Assignment: Copy each line below as written, but skip the pictures.

Data extract:
=== Section Start ===
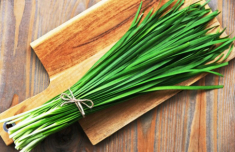 Loại lá mệnh danh là “rau của thận”, được bán đầy chợ, giá khoảng 25.000 đồng/kg, xào với gan được món ngon bổ
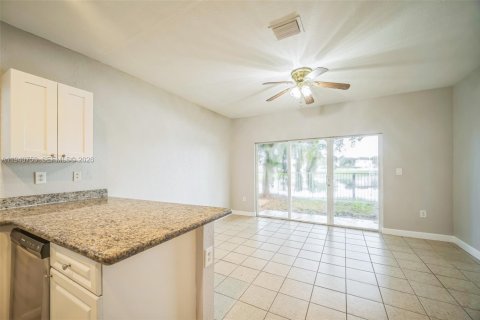 Casa en venta en Homestead, Florida, 5 dormitorios, 201.6 m2 № 1997800 - foto 10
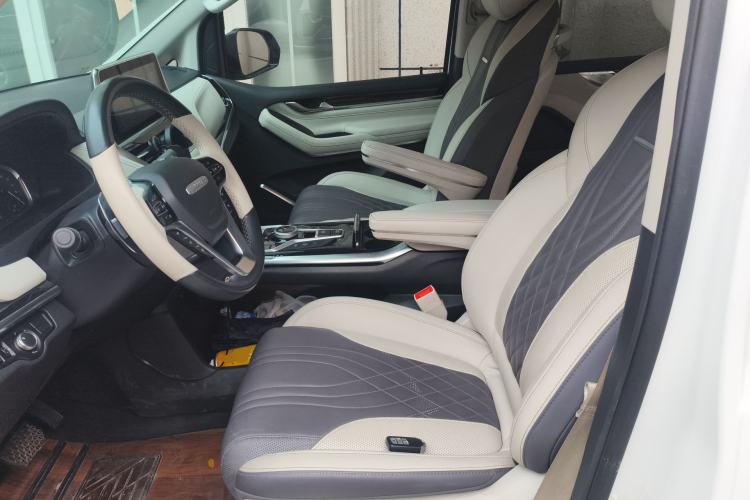 Used SAIC MAXUS G20 2020 2.0T Gasoline Automatic ZhiZun Edition Left Front Seat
=== Section End ===
Solution:
 Loại lá mệnh danh là “rau của thận”, được bán đầy chợ, giá khoảng 25.000 đồng/kg, xào với gan được món ngon bổ
 Casa en venta en Homestead, Florida, 5 dormitorios, 201.6 m2 № 1997800 - foto 10
 Used SAIC MAXUS G20 2020 2.0T Gasoline Automatic ZhiZun Edition Left Front Seat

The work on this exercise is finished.